Friday 8 June 2007

The shadow of the near future

As I come to the end of writing The Infinite Day I find myself in some ways in the most difficult part of the book. Some of the issues I do not want to go into here because they involve plot spoilers. But there are other things.

One is that I am forced to discuss the near future, rather than the far-future in which the book is set. This is largely because of something introduced in Book 1 and alluded to ever since; the great intervention of God's Spirit in the 2050s and the subsequent rebellion four decades later. This raises a well-known paradox of science fiction; it is far easier to write of a hundred years hence than ten years.

Why this should be is worth exploring. It is not simply that it is safer to write of the far future. You know the sort of thing: “All being well, many of my readers will live to see 2050; none will see the 13th millennium AD so I can happily write anything about it.” (By the way, it also gives you a longer period of time for your work to become a ‘prophetic classic’.)

A hundred years is also a long enough time for technologies to a) be invented, b) be tested, and c) become widespread plagues on society (see, for example, cars, television and the Internet) whereas ten years doesn't really bring too many changes. The result is that we are prepared to believe all manner of strange things may have occurred in a hundred years time; we are less convinced that such things may have happened within a decade.

There is another reason why the near future is problematic.

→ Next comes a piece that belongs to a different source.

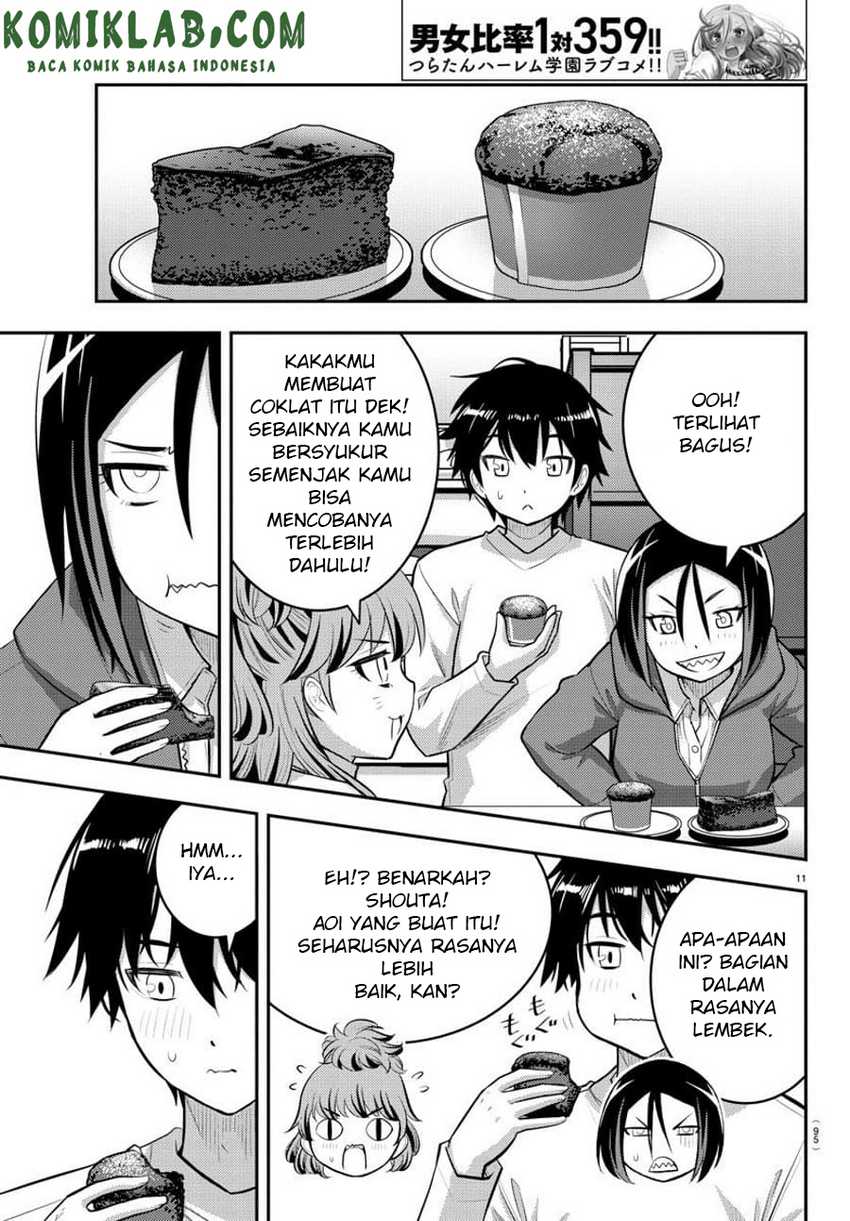 Yankee Jk Kuzuhana-chan Chapter 73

It is that a decade from now things will, no doubt, be a mixture of the predictable and unexpected. So on the predictable: there will be overcrowding, culture wars, environmental disasters. Culturally, there will be Pirates of the Caribbean 14 and Oceans 24 available for digital download in our home cinemas and the Rolling Stones will still be performing gigs somewhere. But it’s the unexpected that concerns us: the world can change very rapidly in a very short period of time and that is hard to get right.

Imagine if, in 1997, Chris Walley had written a book set in 2007. Some things he might have got right: for example, there were growing concerns about the environment, and the unstoppable rise of the digital economy was already pretty much taken for granted ten years ago. But what about the unexpected events? 9/11 for instance exceeded the imagination of the most bizarre fantasist. And who, ten years ago, could have had seen British and American armies mired in Iraq and the widespread dismissal of the fundamental values of justice in Guantanamo Bay and the ‘extraordinary rendition’ procedures? Surely, a dark fantasy, critics would have said. Truly, truth is stranger than fiction.